エッセイ(5)【田舎の美容室】
すこし前のお話。適応障害で休職してからなんとなく行きづらくなっていた、いつもの美容室に行ったときのこと。
お店に入るといつもの美容師さんたちが声をかけてくれた。地元の、田舎の美容室で、美容師さんたちはみんな私より歳上。担当してくれる美容師さんもいわゆる“おじちゃん美容師さん”だ。
案内されて席に着くと、今日はどうされますか?と人懐こい笑顔で訊かれたので、髪が伸びちゃったので整えてください、とおずおずとこたえる。
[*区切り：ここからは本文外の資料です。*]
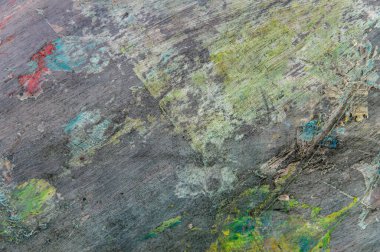 Renkli yaratıcı arkaplan: Ahşap bir palette yağlı boya kalıntıları, kısa odak, seçici bulanık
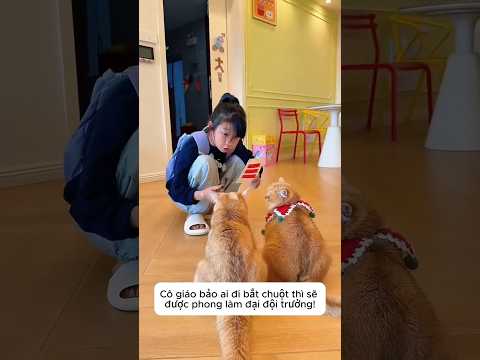 Mèo Đường Bảo Bắt Chuột Siêu Hài 😹🐭 thumbnail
施術を始めて髪をゆすいでもらっていると、やはり仕事の話に行き着く。嘘がへたくそな私は正直に言う方が楽だと知っているので、実は休職中で、となるべくおじちゃんと目があわないように白状した。すると、
「そうなんですね!じゃあ髪型なんでもできるんですね、自由なんですね!?いいじゃないですかどうします?」と人懐こい笑顔でおじちゃんは言ってくれた。
思えば、髪の制限が多い職業だった。
学生時代も髪の制限は付き纏ってきたのだった。
「…そうなんです。ウルフカットってできますか?ずっとやってみたかったんですけど…。」
そう言うと、おじちゃんはニコニコでウルフカットの資料を持ってきて一緒に見てくれた。
人気だよね、かわいいよねとおじちゃんが言いながら完成させたウルフカットは、世界でいちばん素敵で、自由で、かわいかった。
足元に切った長い髪が広がっている。
狼って換毛期はあるのかしらん。
おじちゃんの言葉を、私はきっと生涯忘れない。